• [Aim of the exercise]
Restate all the data word for word and omit the pictures.
─── Task inputs ───
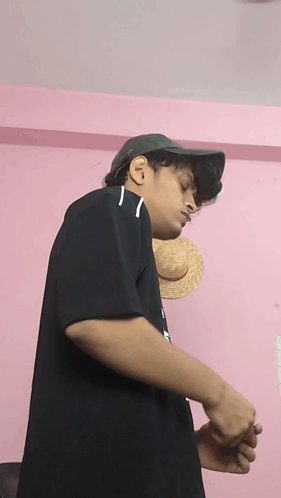 A Young Man Wearing A Hat And A Black Shirt With The Letter N On It GIF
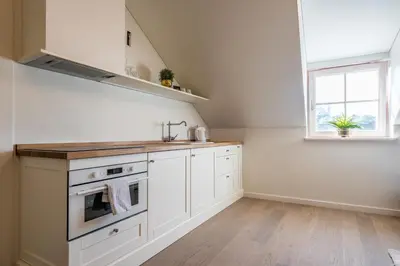 a kitchen with white cabinets and a stove top oven at Angel House Vilnius 38A in Vilnius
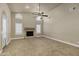 Spacious living room featuring a fireplace and high ceilings at 9478 E Corrine Dr, Scottsdale, AZ 85260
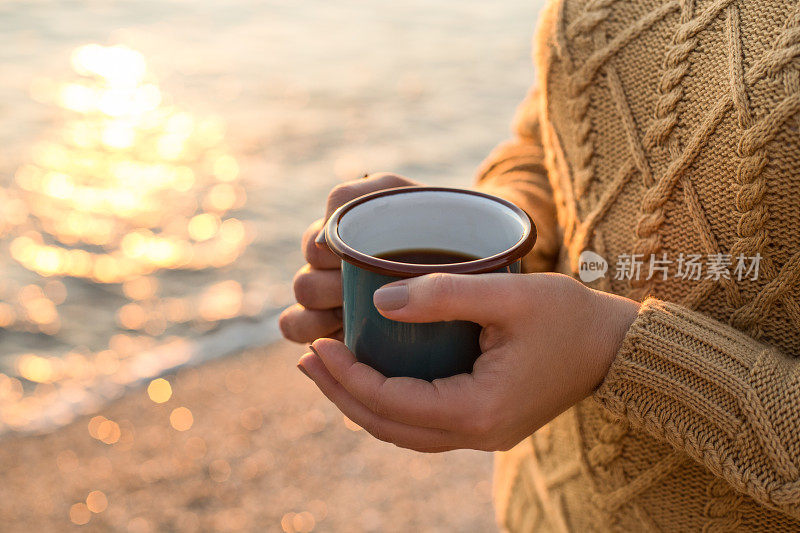 海边舒适的秋天。女人的手拿着一个盛着茶的杯子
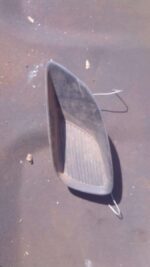 Left side headlight cover for Toyota Yaris, front angle view, used condition, clean surface with minor wear.Le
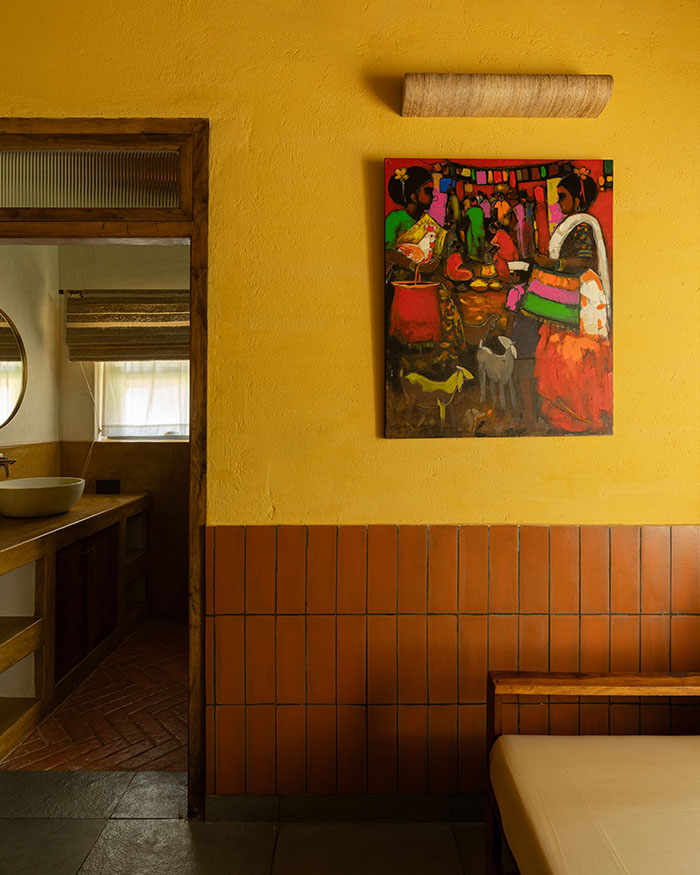 The painting punctuates the yellow wall, bringing life to a passage where wall lights by Sunshine Boulevard and wooden seating keep the palette warm and cohesive; Photography by Syam Sreesylam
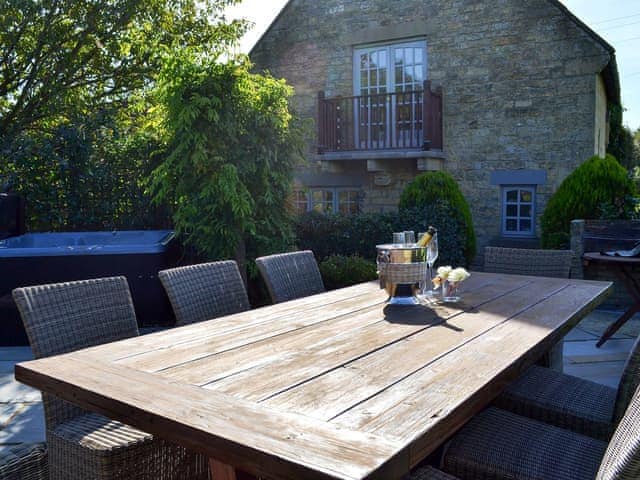 Enclosed decked patio with garden furniture and hot tub | Chapel Lodge - Sands Farm Cottages, Wilton near Pickering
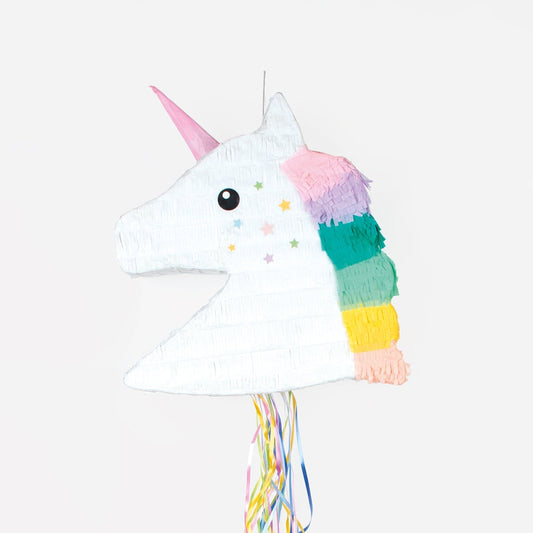 Pinata di unicorno da riempire per una festa di compleanno di una ragazza di successo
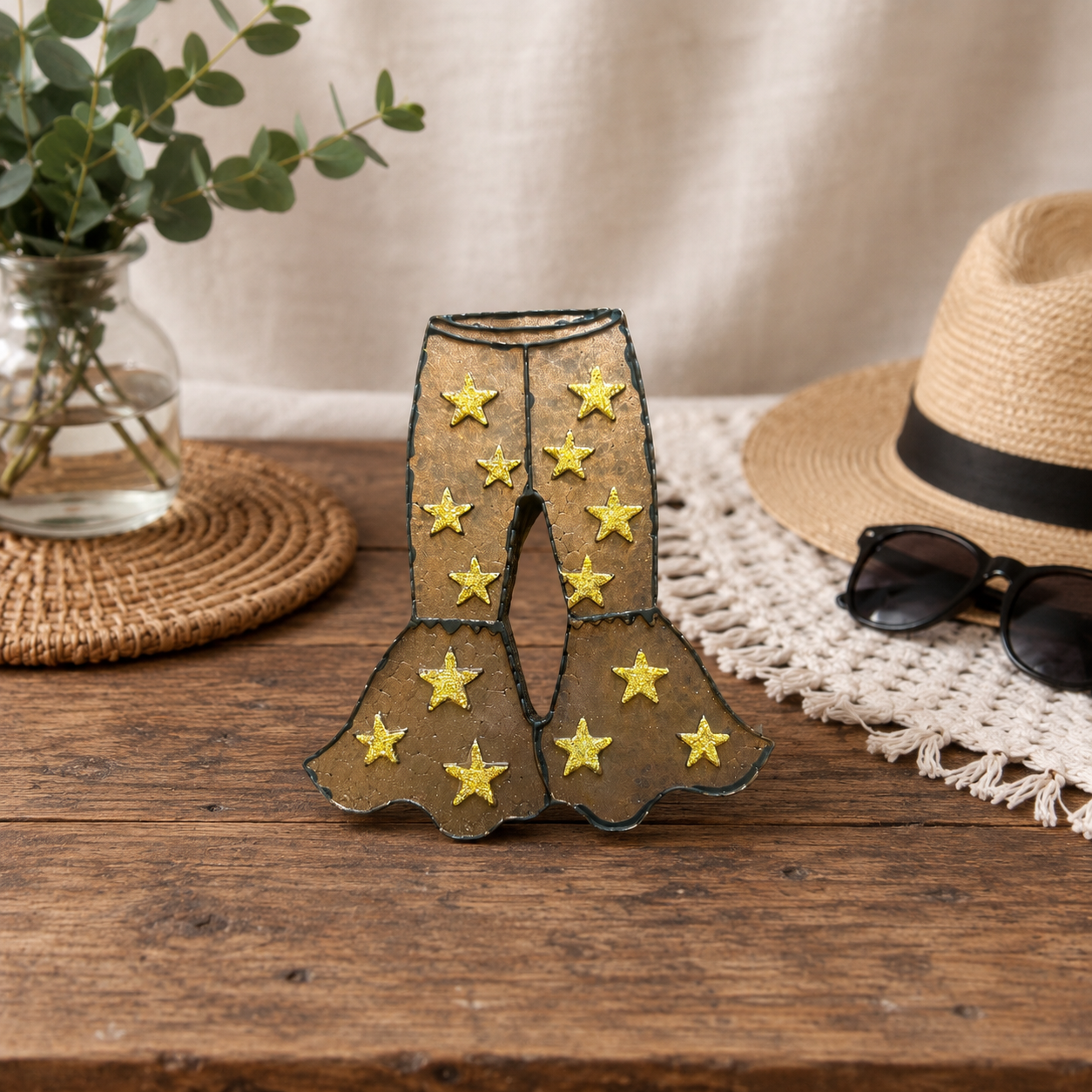 Fancy Pants Bellbottom Car Freshie with gold glitter stars sitting on a wooden table. 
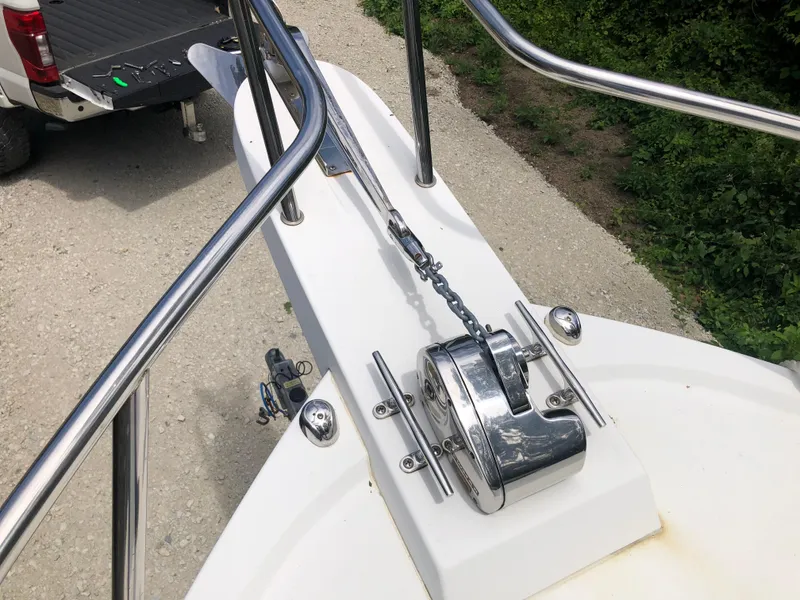 Slide: The Image of 2015 Parker 2530 Extended Cabin boat anchor system on deck, with truck in background. - 8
───
• [Response to this exercise]
 A Young Man Wearing A Hat And A Black Shirt With The Letter N On It GIF
 a kitchen with white cabinets and a stove top oven at Angel House Vilnius 38A in Vilnius
 Spacious living room featuring a fireplace and high ceilings at 9478 E Corrine Dr, Scottsdale, AZ 85260
 海边舒适的秋天。女人的手拿着一个盛着茶的杯子
 Left side headlight cover for Toyota Yaris, front angle view, used condition, clean surface with minor wear.Le
 The painting punctuates the yellow wall, bringing life to a passage where wall lights by Sunshine Boulevard and wooden seating keep the palette warm and cohesive; Photography by Syam Sreesylam
 Enclosed decked patio with garden furniture and hot tub | Chapel Lodge - Sands Farm Cottages, Wilton near Pickering
 Pinata di unicorno da riempire per una festa di compleanno di una ragazza di successo
 Fancy Pants Bellbottom Car Freshie with gold glitter stars sitting on a wooden table. 
 Slide: The Image of 2015 Parker 2530 Extended Cabin boat anchor system on deck, with truck in background. - 8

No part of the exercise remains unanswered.